* **Task material**:

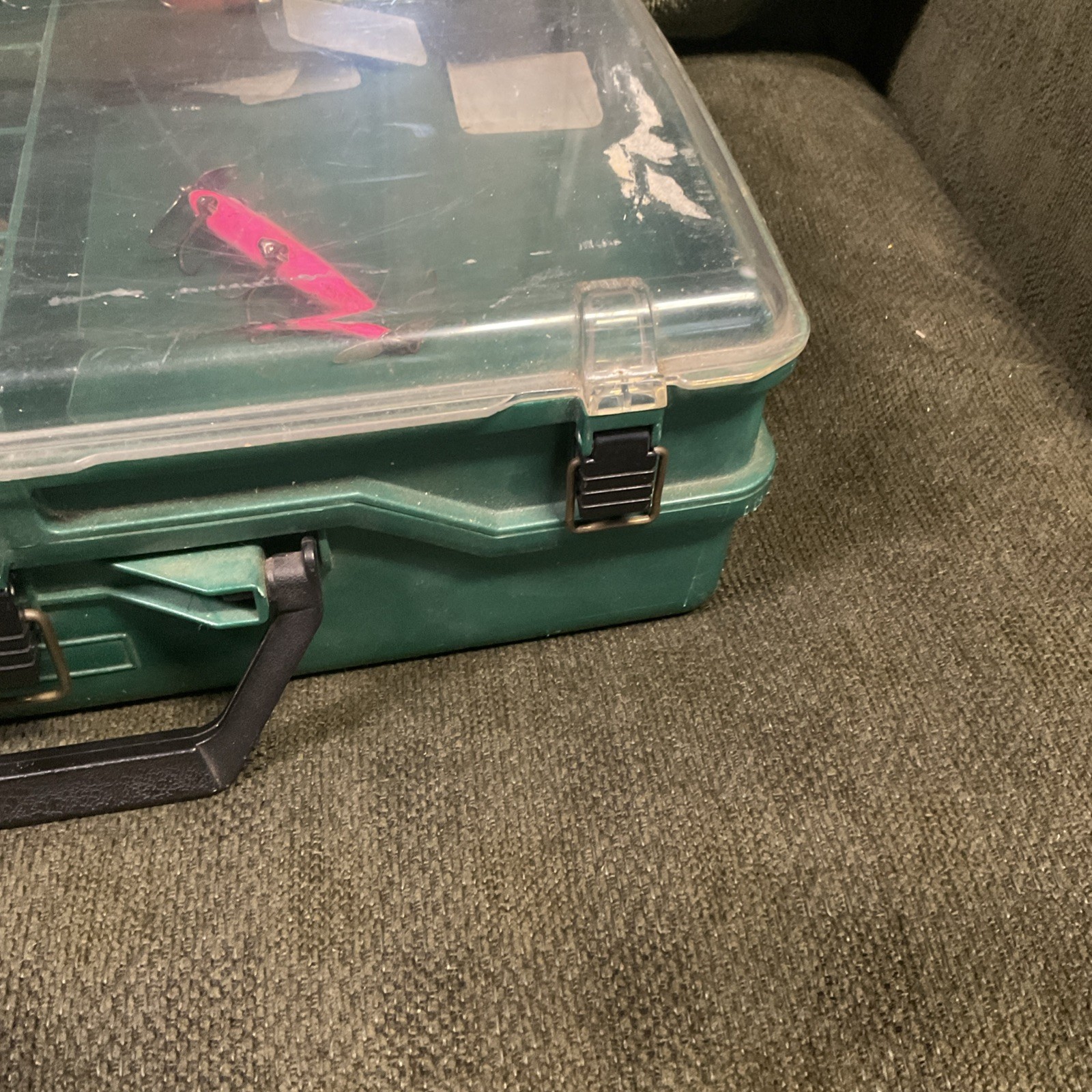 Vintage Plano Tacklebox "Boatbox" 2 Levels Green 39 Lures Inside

* * *

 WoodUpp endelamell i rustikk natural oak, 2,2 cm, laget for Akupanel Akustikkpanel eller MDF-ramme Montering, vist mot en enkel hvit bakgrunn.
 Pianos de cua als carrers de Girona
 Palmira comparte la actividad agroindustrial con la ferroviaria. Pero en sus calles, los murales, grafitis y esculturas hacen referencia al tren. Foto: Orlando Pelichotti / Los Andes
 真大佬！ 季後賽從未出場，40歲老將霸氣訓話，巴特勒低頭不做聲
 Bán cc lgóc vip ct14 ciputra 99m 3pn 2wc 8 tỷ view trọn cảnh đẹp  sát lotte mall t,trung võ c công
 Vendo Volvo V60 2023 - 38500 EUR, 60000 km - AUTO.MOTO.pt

* **Problem**: Starting at the line that contains "WoodUpp endelamell i" and stopping after the line that contains "Vendo Volvo V60", write out every line exactly as it appears above, and no other line.

* **Task response**:
 WoodUpp endelamell i rustikk natural oak, 2,2 cm, laget for Akupanel Akustikkpanel eller MDF-ramme Montering, vist mot en enkel hvit bakgrunn.
 Pianos de cua als carrers de Girona
 Palmira comparte la actividad agroindustrial con la ferroviaria. Pero en sus calles, los murales, grafitis y esculturas hacen referencia al tren. Foto: Orlando Pelichotti / Los Andes
 真大佬！ 季後賽從未出場，40歲老將霸氣訓話，巴特勒低頭不做聲
 Bán cc lgóc vip ct14 ciputra 99m 3pn 2wc 8 tỷ view trọn cảnh đẹp  sát lotte mall t,trung võ c công
 Vendo Volvo V60 2023 - 38500 EUR, 60000 km - AUTO.MOTO.pt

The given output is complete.